Ukraine's Controversial Participation History at Eurovision
Winning on its second attempt, and never failing to qualify, Ukraine is Eurovision’s golden child. However, Ukraine’s participation has never been without controversy, and 2022 is no exception.
Eurovision is over for another year. The wacky and wonderful song contest has given the world ABBA, Celine Dion, and Riverdance. First started in 1956 to bring Europe together following World War II, Eurovision prides itself on its self-appointed apolitical status. Given the complex geopolitical relations between participating nations, its apolitical aspirations are sometimes implausible. Since Ukraine’s first participation in 2003, Eurovision has given the world huge insight into Ukraine’s political events for the last 19 years. As war rages in Ukraine, all eyes have been on this proud nation’s 2022 entry as it battles for its very survival.
In only Ukraine’s second year of competing in 2004, Ruslana took out the competition, with her song “Wild Dances.” Upon returning home, Ruslana became a national hero. She received the title of People’s Artist of Ukraine and was appointed as an advisor to the Ukrainian prime minister. However, the custom is the winning nation hosts Eurovision the next year, and months before Kyiv was set to host the contest, thousands of protesters took to the streets to protest the 2004 presidential election in what is now known as the Orange Revolution. Ruslana was one such protestor. While the show went off without a hitch following the Supreme Court’s decision to overrule the presidential election results, the protests bled into Eurovision in another way with the 2005 Ukrainian entry “Razom Nas Bahto” (“Together We Are Many”). The song was an unofficial anthem of the Orange Revolution and contains direct lyrics such as “truth be the weapon, we ain’t scared of the guns.” Due to the political nature of the lyrics, officials required GreenJolly to rewrite the song to fit within Eurovision rules.
In 2007, Ukraine came close to achieving its second victory with drag queen Verka Serduchka. Eurovision has long been a home to the LBGTQIA+ community. For more conservative nations, this link has caused significant public and political debate, and Serduchka was heavily criticised. Serduchka’s “Dancing Lasha Tumbai” was also accused of phonetic resemblance to the phrase “Russia Goodbye,” a reference to Russian-linked interference in Ukrainian politics. Despite the controversy, “Dancing Lasha Tumbai” is a Eurovision classic. Fans love when Serduchka or her song make appearances at subsequent contests.
Fallout from the invasion of Crimea
In 2013, President Victor Yanukovych chose to stall a European Union trade deal, choosing instead to join Russia’s trade alliance. Consequently, anti-government protests erupted throughout Ukraine again, leading Yanukovych to deploy the Ukrainian military to disperse protesters. In February 2014, Yanukovych was removed from office by parliamentary vote. By March, Russian troops moved into Crimea, with President Vladimir Putin claiming to be recognising the rights of Russian-speakers in Crimea and southeast Ukraine.

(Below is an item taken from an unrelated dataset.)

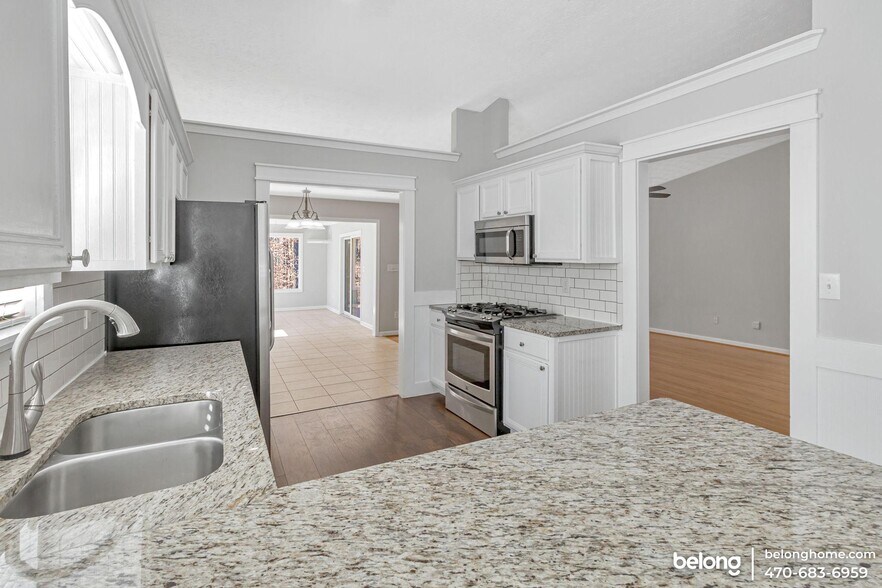 Building Photo - 2900 Dogwood Creek Pkwy NW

Internally, Ukraine moved to restrict the movement of peoples into Ukraine who had travelled to Crimea from Russia. On 4 June 2015, Resolution 367 was adopted by Ukraine’s parliament, declaring that entry to Crimea could legally only occur through Ukrainian borders. Entry to Crimea from any other point but Ukraine would result in deportation and a five-year ban from Ukraine. Despite the invasion, Ukraine still awarded points to Russia’s Tolmachevy Sisters in the 2014 contest.
In 2015, Ukraine withdrew from the competition for the first time, citing political and financial pressures connected to the ongoing conflict. Russia, meanwhile, came second with Polina Gagarina’s “A Million Voices” – a song about unity and peace.
Ukraine returned for 2016 with the highly controversial “1944” covering the 1944 Stalinist deportation and genocide of Crimean Tatars, a practice seeing a resurgence following the annexation. Russia decried the song was overtly political and against Eurovision rules, to no avail. Under the new voting scheme, which saw jury and public votes separated, Russia won the public vote, while Ukraine came second. However, due to Ukraine also coming second to Australia in the jury vote, Ukraine was the overall winner.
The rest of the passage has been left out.